Many veteran investors tend to steer clear of the trading scene that younger and newer investors seem to embrace. They mostly feel that buying and holding stable stocks is the smarter, safer bet. Frequent trading simply makes it easier to lock in short-term losses that would have eventually been overcome with just a little patience. That's why so many of the app-based, zero-commission trading platforms like SoFi Technologies and Robinhood Markets (HOOD -2.60%) haven't attracted a great number of more experienced investors.

If you think these free trading apps are only drawing speculators to the riskiest of tickers though, think again. Three of the most popular holdings among Robinhood users right now are actually solid long-term picks. Let's take a closer look at these three Robinhood stocks.

A long-term, multi-decade timeline marked with thumbtacks.

Image source: Getty Images.

1. Snap

The company is called Snap (SNAP -2.79%), though you know its product as Snapchat. While the social networking and instant messaging platform has hardly upended more established alternatives like Meta Platform's Facebook or Twitter, the service boasted 306 million daily users as of the end of September. That figure was 23% better than Snapchat's headcount at the same point of 2020, marking the fourth straight quarter the service has produced year-over-year user growth of more than 20%.

As good as the company is at attracting new members, however, it's even better at refining its ad-supported product. Revenue is up 77% through the first three quarters of the year, and while Snap remains in the red, it's making great progress on that front. It's even expected to swing to a full-year operating profit of $0.36 per share for 2021 after losing $0.06 in 2021, en route to earnings of $0.57 per share in 2022. It all points to the ongoing improvements put in place that make Snapchat more engaging, like paying creators a collective sum of more than $250 million last year to produce and publish content that draws a digital crowd.

And yet, somehow, investors as a group aren't stoked about this stock. Shares are currently trading around $46 apiece, down nearly 40% from October's high and within sight of new 52-week lows. But, its weakness is rooted in short-term struggles related to changes in operating systems to offer users more privacy over advertising and to some recent missed earnings expectations. The analyst community that's looking further down the road feels the stock's actually worth about $73 per share.

2. NIO

Tesla may be the big name in the electric vehicle (EV) business. But it's not the only name. China's NIO (NIO -4.88%) is a contender too, delivering a record-breaking 25,034 EVs in the final quarter of 2021. For the full year, it shipped 91,429 battery-powered automobiles. Although that's less than a tenth of the 936,172 EVs Tesla shipped in 2021, NIO is also only about a tenth as old as Tesla. Given 2018's modest deliveries of 11,348 electric vehicles, the auto manufacturer is actually growing quite nicely.

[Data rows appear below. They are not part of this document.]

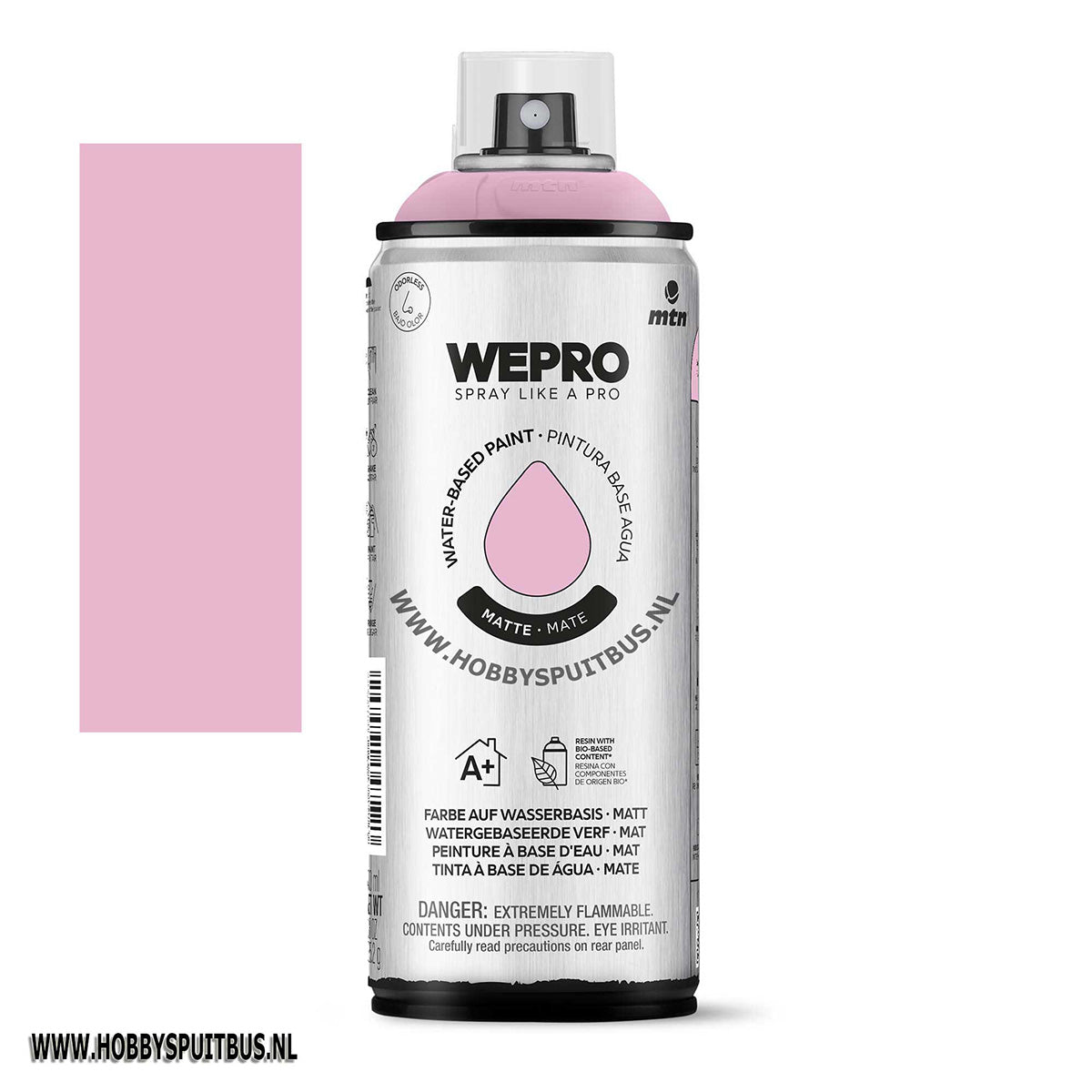 Spuitbus op waterbasis Sakura roze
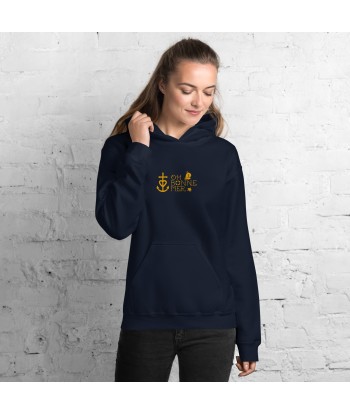 Sweat à capuche d'hiver unisexe Oh Bonne Mer 2 sur couleurs foncées Livraison rapide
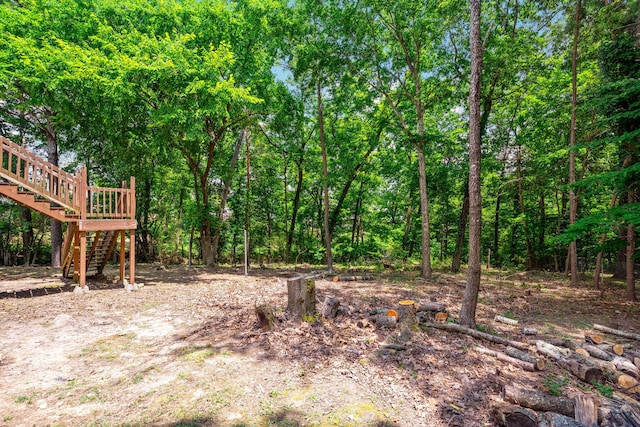 8616 River Cove Dr, Harrison, TN 37341 - view of yard featuring stairs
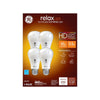GE Relax HD A19 E26 (Medium) LED Light Bulb Soft White 40 Watt Equivalence 4 pk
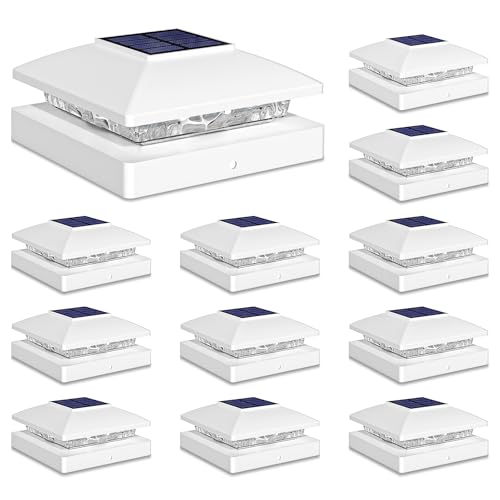 Solar Post Cap Lights Outdoor 12pack (12 Count)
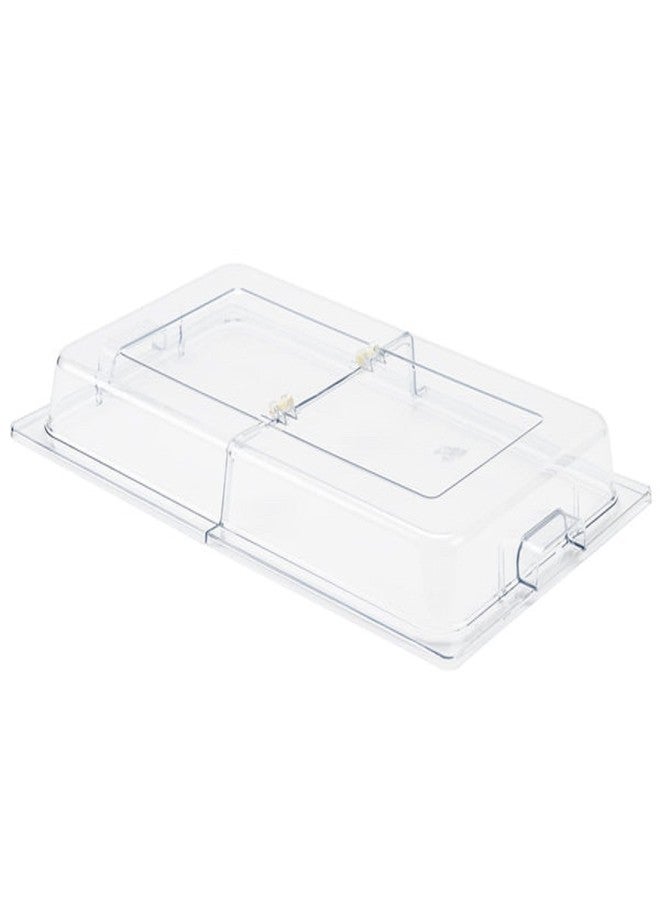 TrueCraftware- 21" x 13" x 3" Full Size Polycarbonate Hinged Dome Cover Opens on both ends Clear Color- Food Pan Cover Pastry Cover Display Cover Serving Platter Covers Clear Food Pan - Image 4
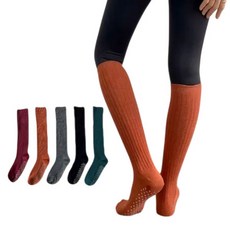 防滑高筒瑜珈襪，多色可選，運動健身適用，舒適透氣，增強抓地力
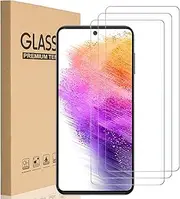 [HEYUS] [3 Pack] for Samsung Galaxy A73 5G Screen Protector, [Case Friendly] 9H Hardness Premium Tempered Glass Screen Protector Film for Samsung Galaxy A73 5G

Regardless, the entire EV industry has only scratched the surface of its future. The U.S. Energy Information Administration estimates the total number of EVs that will be on the world's roads will swell from less than 10 million now to 672 million by 2050. That's a massive amount of opportunity for Tesla, and NIO, and a bunch of other carmakers that plan on wading all the way into electric vehicle waters.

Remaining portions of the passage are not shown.